* [Work task]:
Take the lines from the one with "基于单片机饮水机温度控制系统的设计" to the end of the listing, both ends included, and quote them exactly, leaving pictures out.

* [Exercise data]:
Start of Block
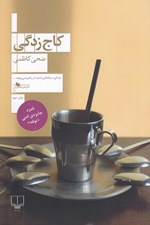 تصویر  كاج زدگي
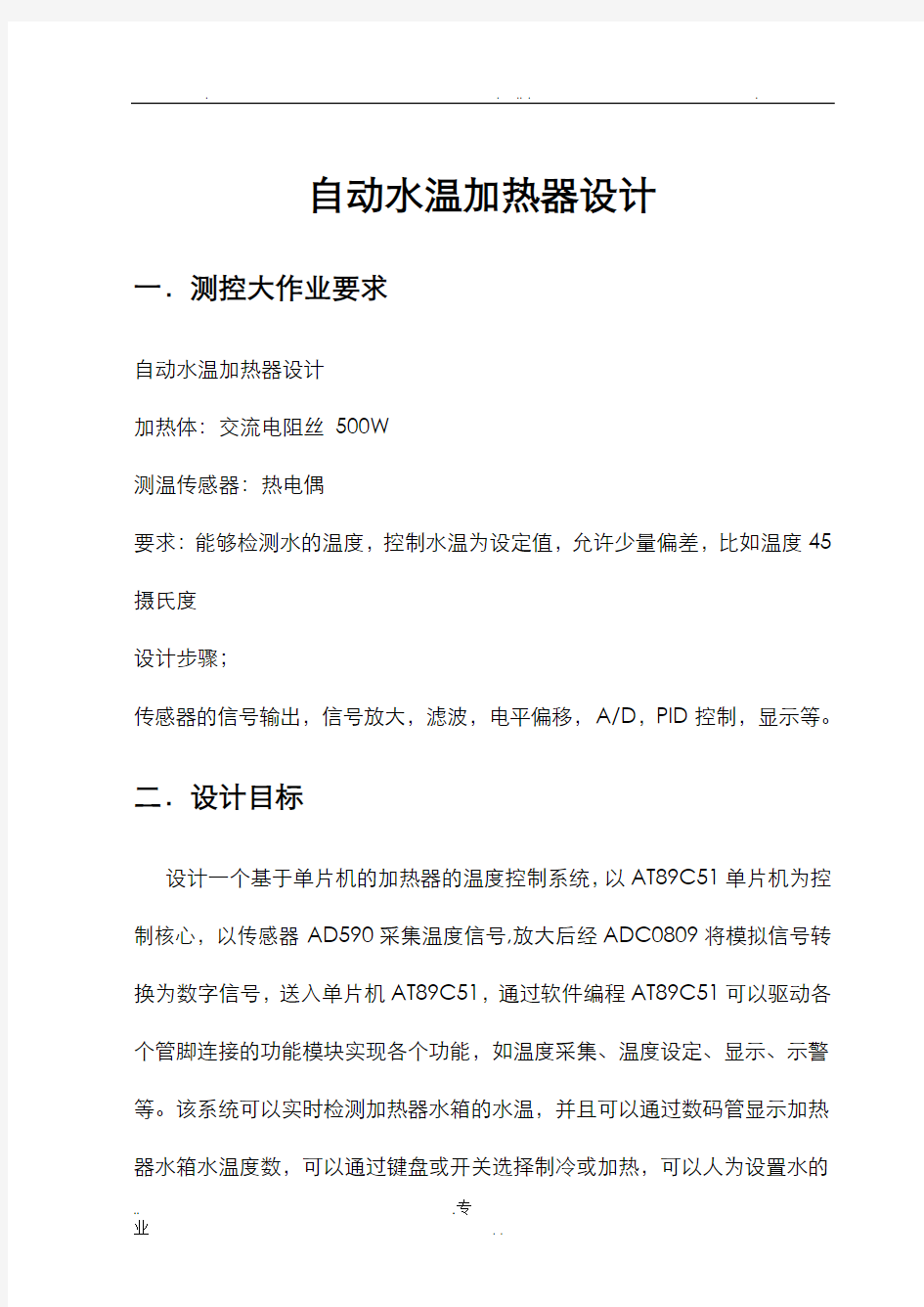 基于单片机饮水机温度控制系统的设计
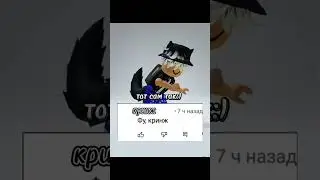 Кто обзывается... 🤡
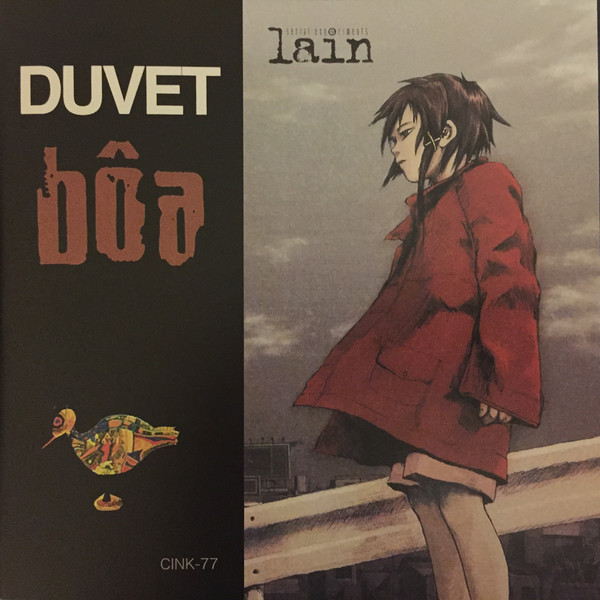 serial experiments lain duvet | nate-hospital.com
End of Block
* [Task response]:
 基于单片机饮水机温度控制系统的设计
 Кто обзывается... 🤡
 serial experiments lain duvet | nate-hospital.com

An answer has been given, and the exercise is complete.